Top schools were slow to come around, but gravitated after Marquel fully recovered from a torn patella and stood out early in his senior year. He chose Wake Forest, a commitment his father wanted upheld even with late interest from other programs.
His growth continued as a collegian, and took a real spike during the 2016 season. Wake Forest’s defensive captains graduated, leaving him to assume a leadership role and put team over stats. Lee considered his junior season at Wake Forest subpar, and vowed to do better.

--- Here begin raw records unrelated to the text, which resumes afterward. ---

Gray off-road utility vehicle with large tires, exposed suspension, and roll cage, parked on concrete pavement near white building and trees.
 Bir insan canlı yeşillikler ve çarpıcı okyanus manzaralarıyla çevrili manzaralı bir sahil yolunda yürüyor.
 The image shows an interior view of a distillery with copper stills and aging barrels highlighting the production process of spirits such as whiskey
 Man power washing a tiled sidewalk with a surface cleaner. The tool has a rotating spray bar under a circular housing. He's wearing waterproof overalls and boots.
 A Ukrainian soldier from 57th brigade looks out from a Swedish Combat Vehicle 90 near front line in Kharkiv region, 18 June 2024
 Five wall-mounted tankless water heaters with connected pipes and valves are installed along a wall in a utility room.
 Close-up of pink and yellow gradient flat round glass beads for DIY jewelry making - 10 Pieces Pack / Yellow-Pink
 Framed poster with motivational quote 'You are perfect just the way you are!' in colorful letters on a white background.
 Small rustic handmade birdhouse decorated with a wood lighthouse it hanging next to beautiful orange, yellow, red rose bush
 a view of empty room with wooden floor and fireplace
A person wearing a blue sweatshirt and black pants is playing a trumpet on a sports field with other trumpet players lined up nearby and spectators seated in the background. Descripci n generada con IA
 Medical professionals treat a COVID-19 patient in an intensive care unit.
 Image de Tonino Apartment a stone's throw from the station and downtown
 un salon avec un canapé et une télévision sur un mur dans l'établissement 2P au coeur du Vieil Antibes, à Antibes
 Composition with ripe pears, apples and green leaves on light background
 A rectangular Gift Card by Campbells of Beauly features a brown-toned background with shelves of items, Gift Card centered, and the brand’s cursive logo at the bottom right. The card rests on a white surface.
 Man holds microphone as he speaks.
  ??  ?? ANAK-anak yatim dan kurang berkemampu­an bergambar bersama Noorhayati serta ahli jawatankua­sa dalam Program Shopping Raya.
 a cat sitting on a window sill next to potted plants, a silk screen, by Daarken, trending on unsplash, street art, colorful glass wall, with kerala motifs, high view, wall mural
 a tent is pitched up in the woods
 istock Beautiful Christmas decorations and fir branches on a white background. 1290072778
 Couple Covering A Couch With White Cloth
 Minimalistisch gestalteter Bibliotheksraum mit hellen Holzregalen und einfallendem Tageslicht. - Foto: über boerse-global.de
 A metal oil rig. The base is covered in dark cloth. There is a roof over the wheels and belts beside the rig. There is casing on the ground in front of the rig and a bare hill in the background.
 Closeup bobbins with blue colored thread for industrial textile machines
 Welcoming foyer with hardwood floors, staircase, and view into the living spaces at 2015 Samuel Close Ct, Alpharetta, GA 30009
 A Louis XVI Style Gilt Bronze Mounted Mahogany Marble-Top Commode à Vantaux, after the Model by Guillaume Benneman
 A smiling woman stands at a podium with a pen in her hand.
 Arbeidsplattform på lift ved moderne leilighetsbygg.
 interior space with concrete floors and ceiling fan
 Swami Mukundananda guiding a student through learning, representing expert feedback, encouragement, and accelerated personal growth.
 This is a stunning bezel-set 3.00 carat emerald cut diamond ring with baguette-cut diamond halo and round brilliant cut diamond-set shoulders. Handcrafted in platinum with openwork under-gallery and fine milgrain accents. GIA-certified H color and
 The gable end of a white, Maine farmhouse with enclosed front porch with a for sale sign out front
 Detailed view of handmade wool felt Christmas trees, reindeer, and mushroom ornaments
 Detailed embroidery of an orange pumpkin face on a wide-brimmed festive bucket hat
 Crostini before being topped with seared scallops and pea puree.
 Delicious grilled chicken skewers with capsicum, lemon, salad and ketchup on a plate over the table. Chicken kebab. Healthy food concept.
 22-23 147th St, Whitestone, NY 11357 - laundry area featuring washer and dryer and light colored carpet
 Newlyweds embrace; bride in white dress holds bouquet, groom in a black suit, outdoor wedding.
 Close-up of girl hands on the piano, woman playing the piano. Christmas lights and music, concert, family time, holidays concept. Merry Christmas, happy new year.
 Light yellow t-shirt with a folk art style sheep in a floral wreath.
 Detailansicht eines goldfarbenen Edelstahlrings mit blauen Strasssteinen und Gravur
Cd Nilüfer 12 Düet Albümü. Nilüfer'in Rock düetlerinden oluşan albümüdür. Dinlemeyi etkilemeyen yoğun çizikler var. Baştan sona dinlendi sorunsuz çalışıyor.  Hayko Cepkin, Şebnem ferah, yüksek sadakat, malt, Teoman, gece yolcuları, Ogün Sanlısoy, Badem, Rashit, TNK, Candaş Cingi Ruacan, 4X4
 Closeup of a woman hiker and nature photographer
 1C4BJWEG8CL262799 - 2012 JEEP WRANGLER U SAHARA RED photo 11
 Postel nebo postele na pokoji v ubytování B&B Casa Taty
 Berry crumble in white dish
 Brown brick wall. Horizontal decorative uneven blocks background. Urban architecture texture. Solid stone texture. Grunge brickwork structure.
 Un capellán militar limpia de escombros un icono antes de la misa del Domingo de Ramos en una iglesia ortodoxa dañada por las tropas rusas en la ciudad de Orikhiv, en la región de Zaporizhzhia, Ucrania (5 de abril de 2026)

“I was pressing a lot, trying to rush my time and trying to get to the NFL,” Lee said. “I was on a road where I thought I wanted to leave (school) early. I was so hard on myself, especially if I didn’t produce. That’s why I said it was subpar. I don’t think I played like a team player that year.
“(The next season) I made a decision to finish what I started and be the leader I always knew I could be. I wanted to help my team get to a bowl game. I hadn’t played in one. That was a major part of me coming back in 2016. … I grew up a lot. I feel like I gained respect as a team leader, and really understood what it took to own that responsibility.”
Lee might have major responsibilities as an NFL rookie. The Raiders don’t have many options at middle linebacker, and Lee will be allowed to compete for a starting spot. It’ll take a solid spring and summer to earn it and give the Raiders confidence to hand an important starting spot to a rookie. The Silver and Black could add a veteran to that position group, though they have high hopes for their fifth-round pick. Lee could well make an instant impact.
“We definitely think he has the potential to start,” Raiders general manager Reggie McKenzie said in an interview with 95.7-The Game. “He’s a long ways away from that. We haven’t even begun to get the pads on, so a lot will be determined in training camp and the preseason. So far, he has looked very good.”
Lee considers himself well prepared for the challenges ahead, and believes he can compete at the professional level.
“I’ve been getting ready for this a long time,” Marquel Lee said. “My dad has been telling me that this experience will be different. It’s not like college anymore. It’s a job, and I have to be mentally prepared for everything I’m about to do. I’m here and I’m learning and I’m trying to do my best.”